Paper accepted at "ENGLISH and ASIA: First International Conference on Language and Linguistics 2008"

In world-record time the folks at this conference got back to me and accepted my proposal for a presentation on Kim Yong-ik. This is in Malaysia around the time of my birthday and the only possible snag is if BPU will let me get away for it.

Well, I'll quit if they don't, really. This is a paper about a Korean author by the employee of a Korean University. I'm part of the wave, baby! ;-)

And it is pretty inexpensive to get there. The conference is 200,000 won and if I were (unlikely) able to get the whole week off the whole thing (flight and hotel inclusive) would be about 1.3 million won.
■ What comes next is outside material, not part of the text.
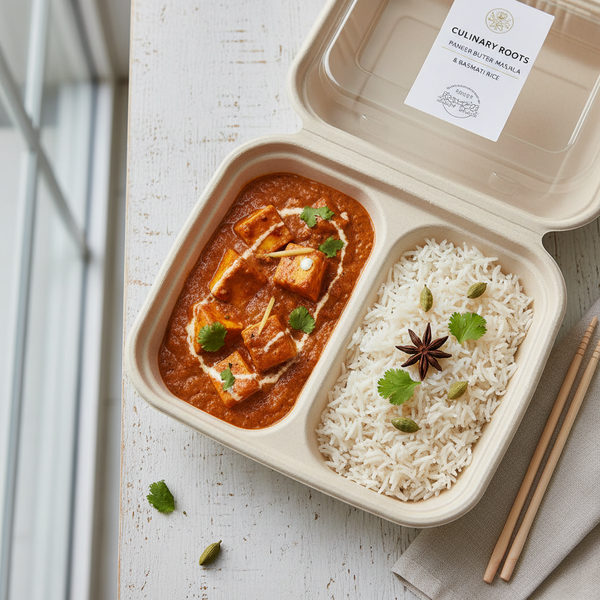 Paneer butter masala with rice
Not bad for a vacation and work trip.

ah... the rather poor (I have to start writing these things sooner than the day of the deadline) abstract is here:

Kim Yong Ik: Unimagining “Asian American” Through English

Kim Yong-Ik, a Korean by birth and English writer by trade attempted to avoid questions of empire, orientalization, language and literary theory by declaring autonomy from them. Kim was avowedly anti-political, extra-theoretical, and purposefully resistant to ethnic, political or theoretical placement. Kim publicly argued that his work was not concerned with contested terrains, and purposefully wrote in a dispassionate and narratively simple and concrete style. His writings, antithetically to his confessed approach, obsessively concerned themselves with issues attendant to cultural clash: oppression, the state of the outsider to the state, disconnection, diaspora, and the dream of coming to a “home” that was not contested; a home of ancestral imperials and not imperialists. This tension between language use and content essentially mirrored the tensions that Kim was describing between the United States and Korea.
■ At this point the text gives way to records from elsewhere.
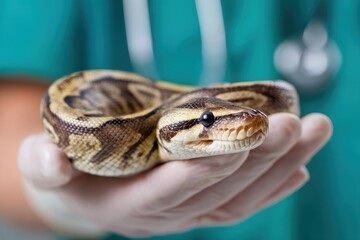 Fototapeta premium Veterinarian Caring for Exotic Pet Snake: A Python's Medical Examination in Professional Hands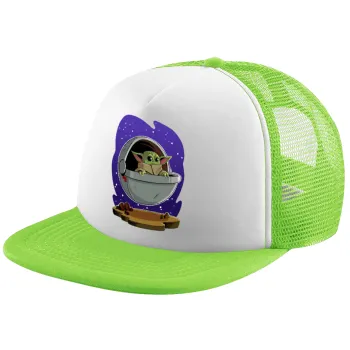 Baby Yoda mandalorian, Child's Soft Trucker Hat with Green/White Mesh (POLYESTER, CHILDREN'S, ONE SIZE)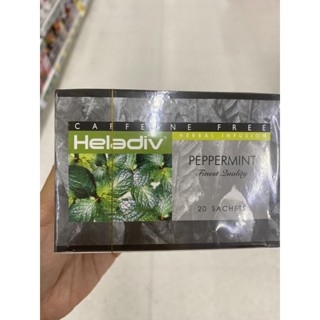 Caffeine Free Peppermint Finest Luality ( Heladiv Brand ) 30 G. ชาผงที่สกัดกาเฟอีนออก กลิ่น เปปเปอร์มินต์ ชนิดซอง ( ตรา เฮลาดิฟ )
Focusing on “They Won’t Crack it Open,” (The sole remaining work of Kim’s in print) this paper will discuss the arc of Kim’s individual works, literary oeuvre, career, and life and to what extent his approach gave him the freedom to write, to what extent it clashed with his written work and, finally, to what extent he found himself Occidentalized by his self-aware extra-theoretical approach.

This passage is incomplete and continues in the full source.